What to work on
Restate each line below word for word, skipping every picture.

Raw data
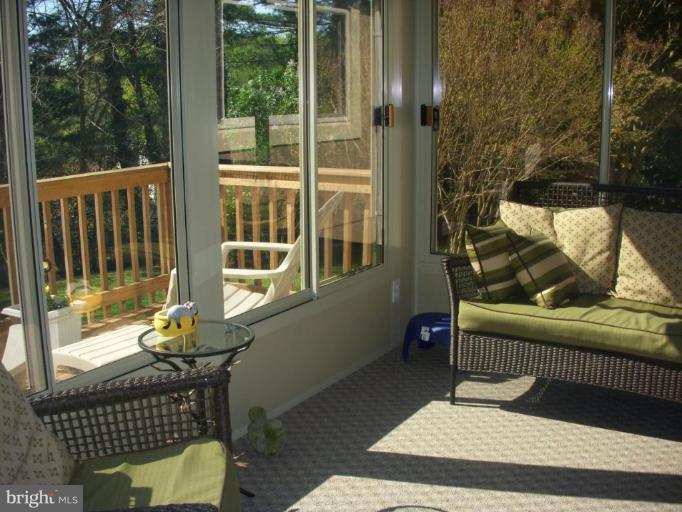 14945 Wellwood Road Silver Spring, MD 20905 - Photo 12 of 30 MORE SUNROOM!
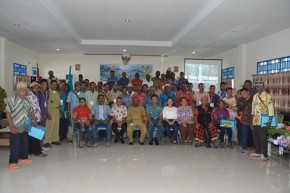 Seluruh perwakilan Suku Maya berfoto bersama Wakil Bupati Raja Ampat dalam acara Lokakarya Dewan Adat Raja Ampat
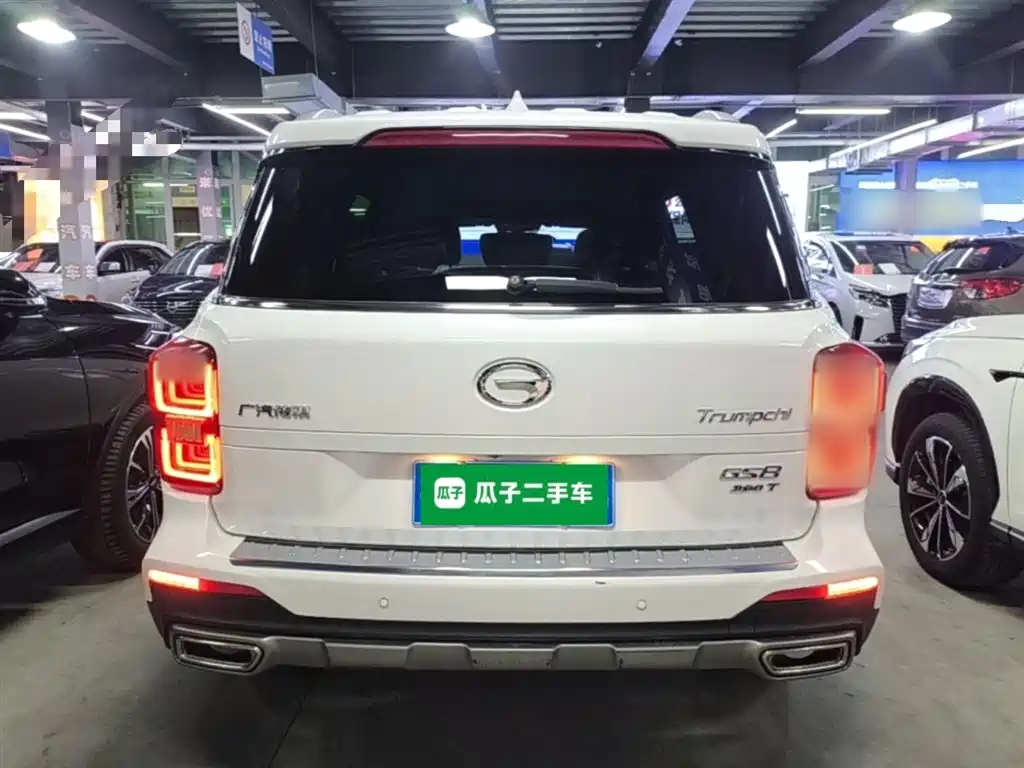 GAC Trumpchi GS8 390 T 2 WD Luxury Connected (7-seat)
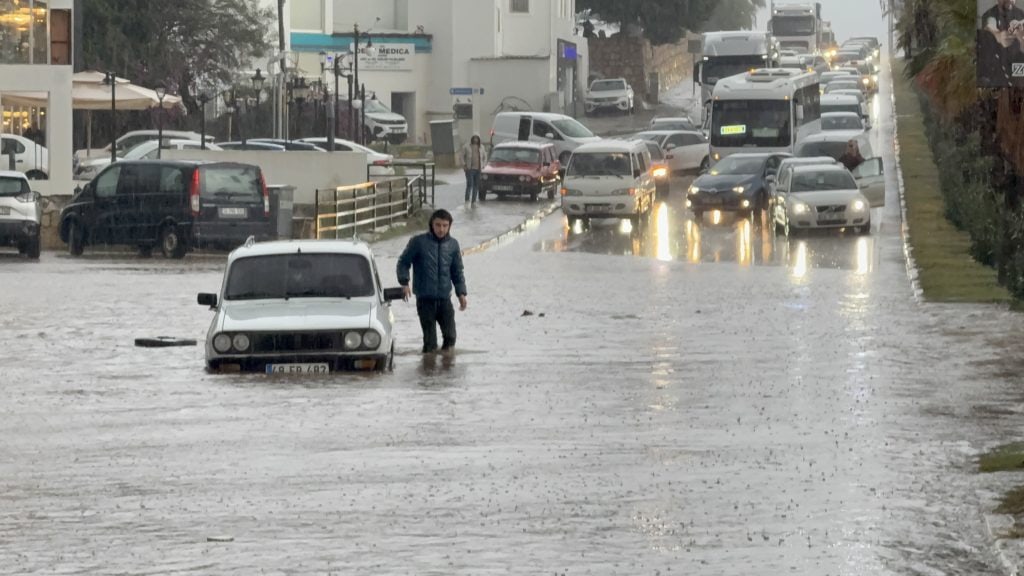 bodrum sağanak yağış, bodrum hava, bodrum hava durumu, bodrum yağış, bodrum yağmur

Your response
 14945 Wellwood Road Silver Spring, MD 20905 - Photo 12 of 30 MORE SUNROOM!
 Seluruh perwakilan Suku Maya berfoto bersama Wakil Bupati Raja Ampat dalam acara Lokakarya Dewan Adat Raja Ampat
 GAC Trumpchi GS8 390 T 2 WD Luxury Connected (7-seat)
 bodrum sağanak yağış, bodrum hava, bodrum hava durumu, bodrum yağış, bodrum yağmur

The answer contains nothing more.